4.12 Tax Returns and Payments. The Company and its subsidiaries have
correctly and timely prepared and filed all tax returns required to have been
filed by it with all appropriate federal, state and local governmental agencies
and timely paid all taxes owed by them. The charges, accruals and reserves on
the books of the Company and its subsidiaries in respect of taxes for all fiscal
periods are adequate in all material respects, and there are no material unpaid
assessments of the Company or any subsidiary nor, to the knowledge of the
Company, any basis for the assessment of any additional taxes, penalties or
interest for any fiscal period or audits by any federal, states or local taxing
authority except such as which are not material. All material taxes and other
assessments and levies which the Company or any subsidiary is required to
withhold or to collect for payment have been duly withheld and collected and
paid to the proper governmental entity or third party. There are no tax liens or
claims pending or threatened against the Company or any subsidiary or any of
their respective assets or property. There are no outstanding tax sharing
agreements or other such arrangements between the Company or any subsidiary and
any other corporation or entity.
4.13 Title to Properties. Except as disclosed in the SEC Filings, the
Company and its subsidiaries have good and marketable title to all real
properties and all other properties and assets owned by them, in each case free
from liens, encumbrances and defects that would materially affect the value
thereof or materially interfere with the use made or currently planned to be
made thereof by them; and except as disclosed in the SEC Filings, the Company
and its subsidiaries hold any leased real or personal property under valid and
enforceable leases with no exceptions that would materially interfere with the
use made or currently planned to be made thereof by them.

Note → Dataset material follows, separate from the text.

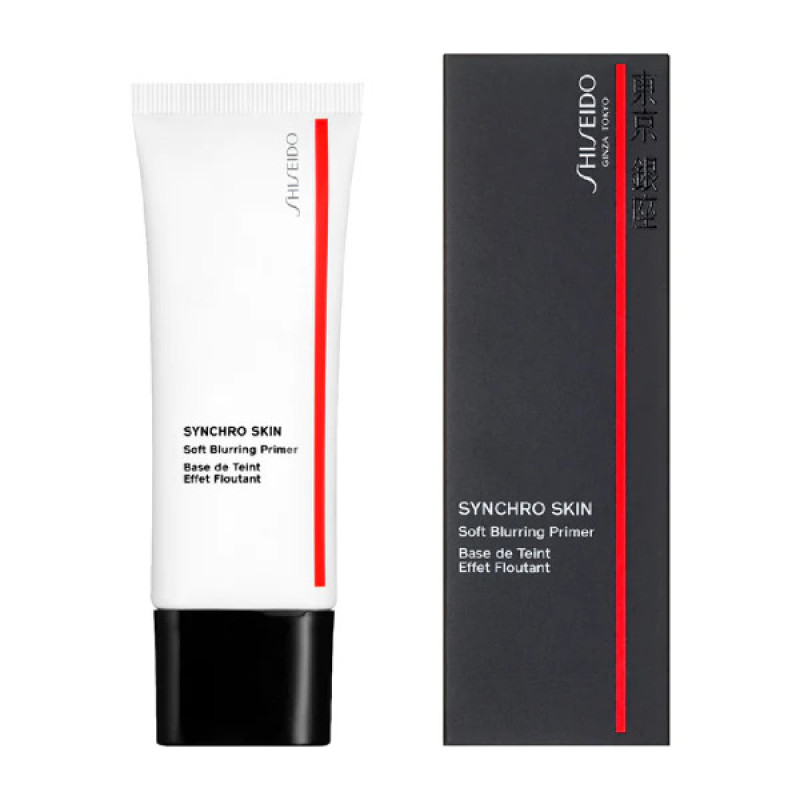 پرایمر شیسیدو مدل SYNCHRO SKIN Soft Blurring حجم 30 میلی لیتر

4.14 Certificates, Authorities and Permits. The Company and its
subsidiaries possess adequate certificates, authorities or permits issued by
appropriate governmental agencies or bodies necessary to conduct the business
now operated by them and have not received any notice of proceedings relating to
the revocation or modification of any such certificate, authority or permit
that, if determined adversely to the Company or any of its subsidiaries, would
individually or in the aggregate have a Material Adverse Effect.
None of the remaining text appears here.